O propósito Marxista de uso do Estado para reprodução e redistribuição de capitais, mantendo esta a sua função principal, é um fundamento caduco e utópico, que já demonstrou as suas graves consequências à Humanidade. É apenas uma novela a repetir-se por muitos e largos anos devido à atracção que impele ao imaginativo dos jovens, sedentos de um igualitarismo absoluto e um estado uniformizado.

sexta-feira, 29 de agosto de 2008

no Brasil como em Portugal


Apesar de se definirem pelo seu contrário, como na foto do post abaixo, os jovens socialistas brasileiros conhecem o fascismo mais como xingamento do que como teoria. Não duvido que muitos deles se identificariam com o fascismo caso sua literatura fosse apresentada sob outro nome. Preparando o solo europeu para receber os cadáveres de milhões, Mussolini escreveu em La dottrina del fascismo:

Anti-individualista, a concepção fascista é pelo Estado; e é pelo indivíduo enquanto este coincide com o Estado, consciência e vontade universal do homem em sua existência histórica. É contra o liberalismo clássico, que surge da necessidade de reagir contra o absolutismo e exauriu sua função histórica quando o Estado se transformou nessa mesma personificação da consciência e da vontade popular. O liberalismo negava o Estado em nome do indivíduo particular. O fascismo reafirma o Estado como a realidade verdadeira do indivíduo. E se a liberdade deve ser o atributo do homem real e não desse fantoche abstrato pensado pelo liberalismo individualista, então o fascismo é pela liberdade. Pela única liberdade que tem um valor sério: a liberdade do Estado e do indivíduo dentro do Estado.

Não é esse mesmo individualismo liberal que Che Guevara combatia?: “O individualismo, na forma da ação individual de uma pessoa solitária no meio social, deve desaparecer em Cuba.
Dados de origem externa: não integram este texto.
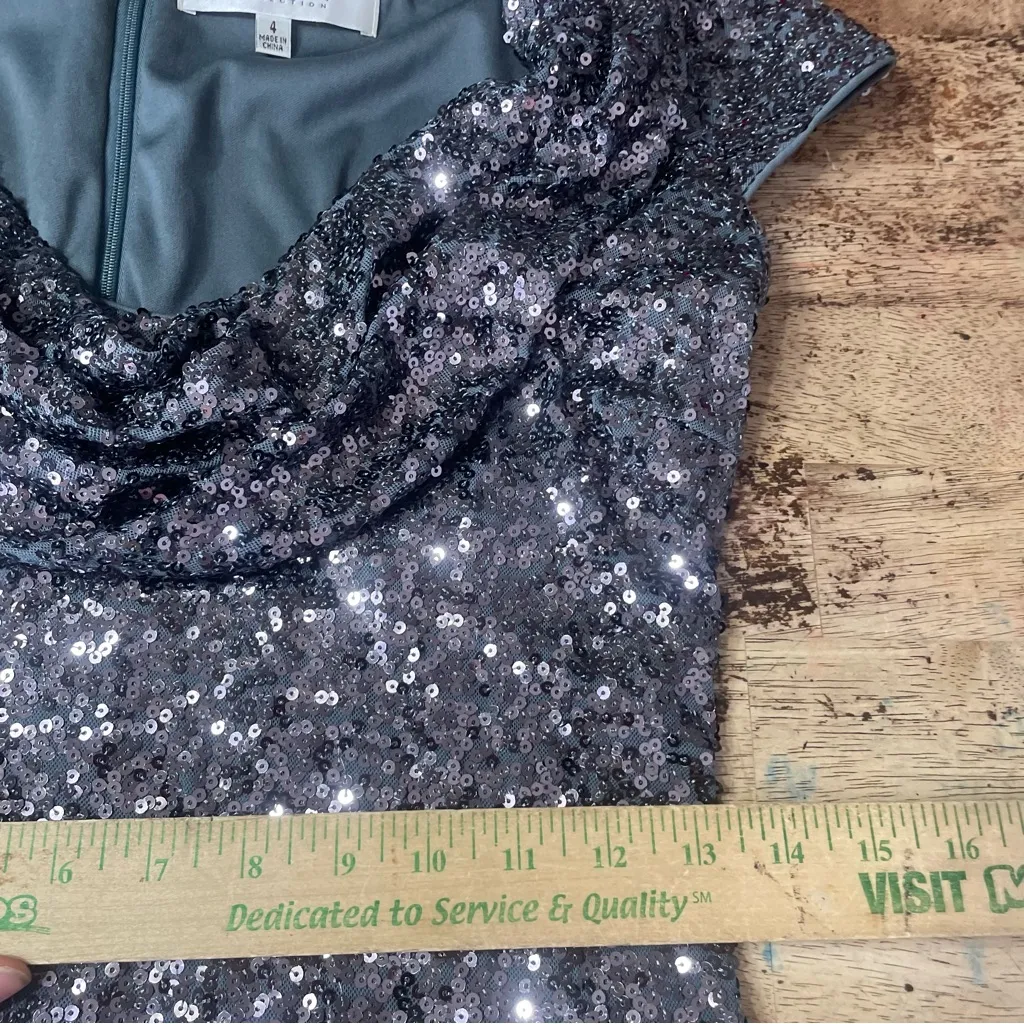 BADGLEY MISCHKA Sparkle Gunmetal Gray Cowl Neck Sequin Allover Cocktail Size 4‎ - Image 8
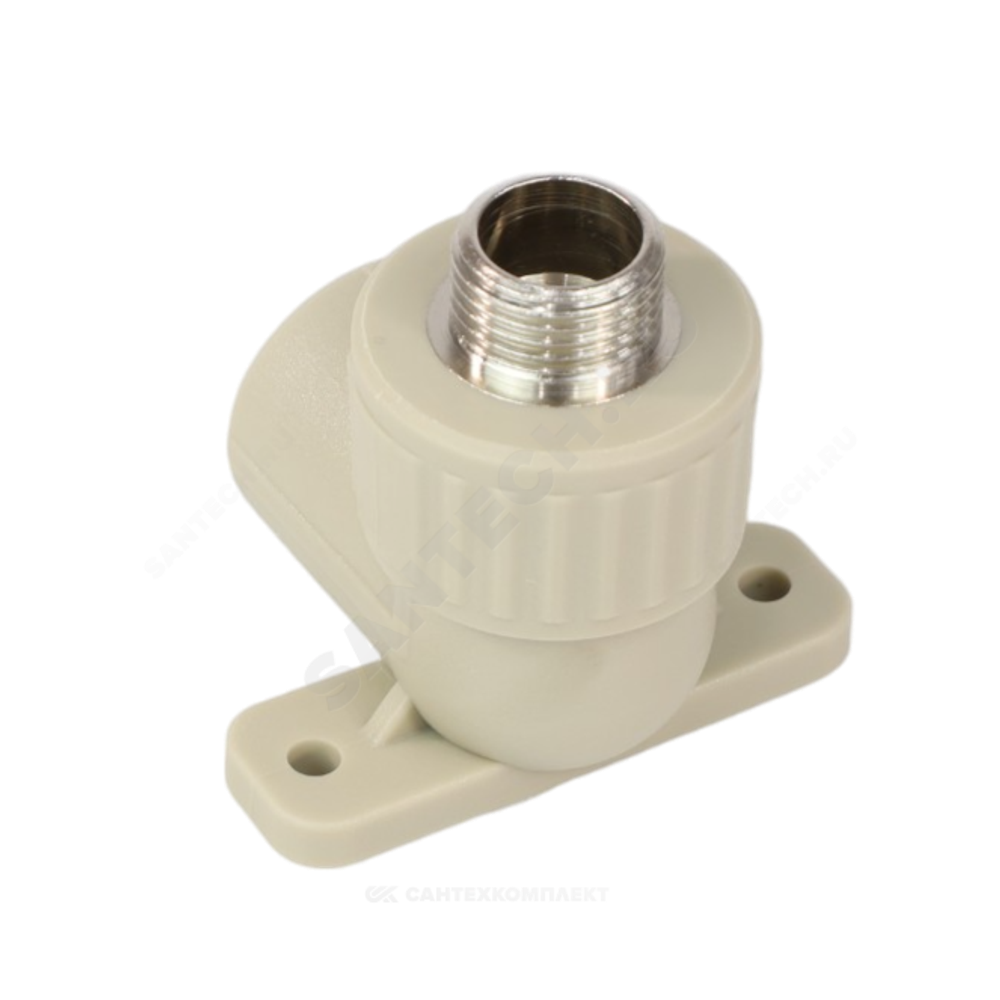 Угольник PP-R комбинированный серый Дн 25х1/2" НР с креплением VALFEX 10121025Г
No futuro, o individualismo deve ser a utilização eficiente de todo o indivíduo para o benefício absoluto da coletividade”.

E enquanto Mussolini se opõe ao “socialismo que interpreta o movimento histórico como a luta de classes e ignora a unidade do Estado no qual a classe se funde em uma única realidade econômica e moral”, ele entende que o fascismo consegue atualizar as aspirações socialistas no Estado:

“Dentro da órbita do Estado, o fascismo reconhece a verdadeira exigência que dá origem ao movimento socialista e sindicalista e os faz valer no sistema corporativo dentro do qual os interesses se conciliam na unidade do Estado”.

Nesse sentido, é muito apropriado chamar o fascismo de nacional-socialismo. Meu medo é que muitos jovens brasileiros já sejam fascistas sem perceber.